A. Dunn was the sole owner of the business until 1902. On March 26, 1902, the Dunn chair factory was destroyed by a fire. Mr. Dunn had a larger and fireproof brick factory built, with all modern factory features. This was all done within a year; people who had worked at the factory before the fire were given their jobs back. The business was incorporated to the John A. Dunn Company, John A. Dunn, president, his son George A. Dunn, vice-president and another son Frank C. Dunn was secretary-treasurer. The manufacturing of the chairs was done at the plant in Gardner, Massachusetts, but offices and warehouses were established in Chicago, Boston, and St.
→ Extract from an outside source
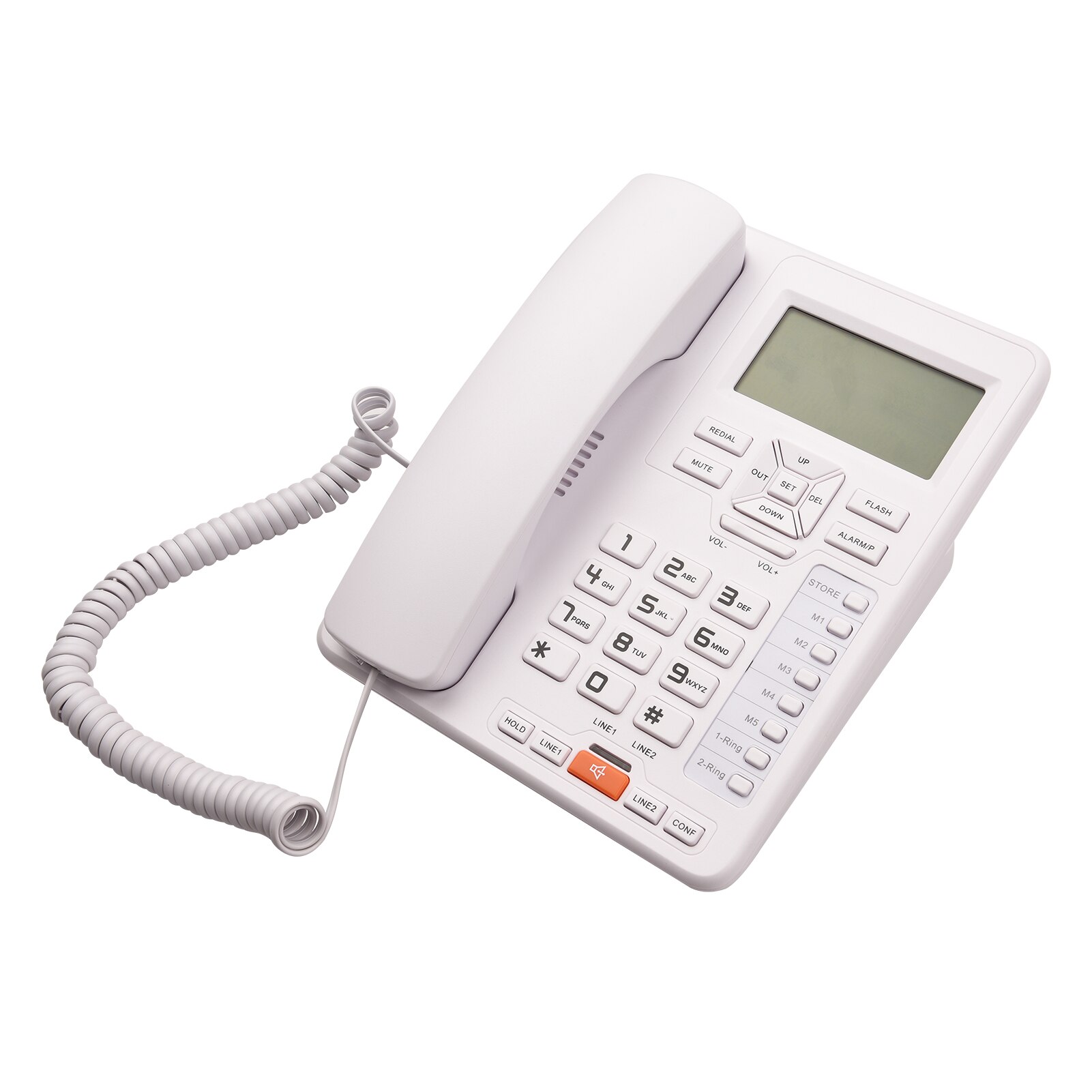 2-Lijn Desktop Draadgebonden Telefoon Antwoordapparaat Caller Id/Wisselgesprek Backlight Lcd &amp; Handset/Base Voor kantoor Thuis Conferentie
Paul; in addition to business going through those channels, the John A. Dunn Company supplied other chair manufacturers in large quantities both at home and abroad. Dunn lived to see his plant doing a business of $1,000,000 annually. His chairs were noted for their sturdy construction and durability. While most of his furniture was utilitarian in design he was especially proud of his Arts and Crafts style furniture.

Dunn was very involved in the civic life of Gardner, Mass. In his will Dunn gave a valuable piece of property to the city of Gardner. This land was turned into a public park and the pond was named Dunn's Pond, which later became Dunn State Park. Dunn was seen by the people of Gardner as a man of strong and marked personality who made the community conspicuous in the industrial and commercial world. He was a far sighted man with a clear head for business.